En resumen, existe evidencia reciente sobre la transformación de los indicadores de la vida familiar en América latina que van en el sentido que predice la STD. Sin embargo son aún escasas la discusión teórica y la producción empírica que permitan dirimir las causas de las transformaciones recientes en este terreno, a lo que se suma la escasez de información adecuada para dar cuenta de la flexibilización de las trayectorias familiares. Por otro lado, es esperable que no haya una interpretación única del cambio familiar si se considera la amplia variedad cultural, social y económica que caracteriza al continente.
Con este trabajo pretendemos, entonces, aportar luz sobre el proceso de cambio familiar en Uruguay y sus particularidades en relación con la STD. Pretendemos también, aunque lateralmente, contribuir con evidencia empírica a la creciente discusión sobre el inicio de este gran proceso de cambio demográfico en los países de América latina.

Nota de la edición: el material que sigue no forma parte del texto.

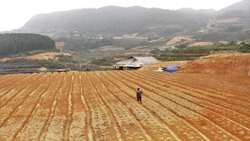 COVID-19, rising hunger and climate change urgently need to be battled back in Asia and the Pacific: FAO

Los cambios en la formación y disolución de las uniones
La formación de las uniones
En la gráfica 1 se sintetizan las dos grandes tendencias que se han pre-sentado durante los últimos años en materia de formación de uniones: el descenso sostenido del número de parejas que optan por el matrimonio y el aumento de la proporción de parejas en unión consensual. Si se observa el eje izquierdo, en el que se representan los valores que adopta la tasa de nupcialidad, se constata que durante el periodo considerado, ésta experimentó una reducción drástica: en 2007 el valor de la tasa alcanza 5.1, la mitad de su valor inicial (10.2).4 Ya desde la segunda mitad de los años setenta se advierte una tendencia descendente de la nupcialidad uruguaya (Paredes, 2003b; Filgueira y Peri, 1993), sin embargo el ritmo de descenso fue notoriamente inferior al ocurrido desde el principio de los años noventa. A modo de ejemplo, entre 1975 y 1987 la tasa de nupcialidad pasó de 11.9 a 10.2 matrimonios por cada 1 000 personas de 15 y más años (Cabella, 2007). Cualquiera que sea el indicador utilizado (el número absoluto de matrimonios, el indicador sintético de nupcialidad o la tasa de nupcialidad), los datos confirman la importancia del fenómeno y el patrón temporal de des-censo: entre el final de la década de 1980 y el comienzo de la de 1990 principia un proceso de descenso abrupto de las uniones legalizadas, que sólo se estabiliza en el primer quinquenio de 2000.5
FUENTE: Elaboración propia con base en Estadísticas Vitales, Proyecciones de Población y microdatos de la Encuesta Continua de Hogares (ECH ) del Instituto Nacional de Estadística (INE). NOTA: La Encuesta Continua de Hogares (ECH ) es el principal instrumento de recopilación oficial de información socioeconómica del país. La recoge de forma continua el Instituto Nacional de Estadística y se trata de una encuesta de grandes dimensiones, especialmente para una población pequeña como la uruguaya (3.2 millones de habitantes). Durante las décadas de 1980 y 1990, la ECH entrevistó alrededor de 25 000 hogares, y a partir de 1998 restringió la cobertura geográfica a localidades de 5 000 y más habitantes. A partir de 2006 hubo una ampliación de gran magnitud en el tamaño muestral y en el alcance geográfico, que volvió a cubrir localidades menores e incluyó áreas rurales. A partir de 2007 el tamaño muestral es de 42 000 hogares. En este trabajo solamente se procesó información de las personas que residían en localidades de 5 000 y más con la intención de compatibilizar las series de los indicadores analizados. De modo que los datos de la ECH que utilizamos en este trabajo son representativos de la población urbana residente en localidades con más de 5 000 habitantes. En 2007 residía en esas áreas 87% de la población.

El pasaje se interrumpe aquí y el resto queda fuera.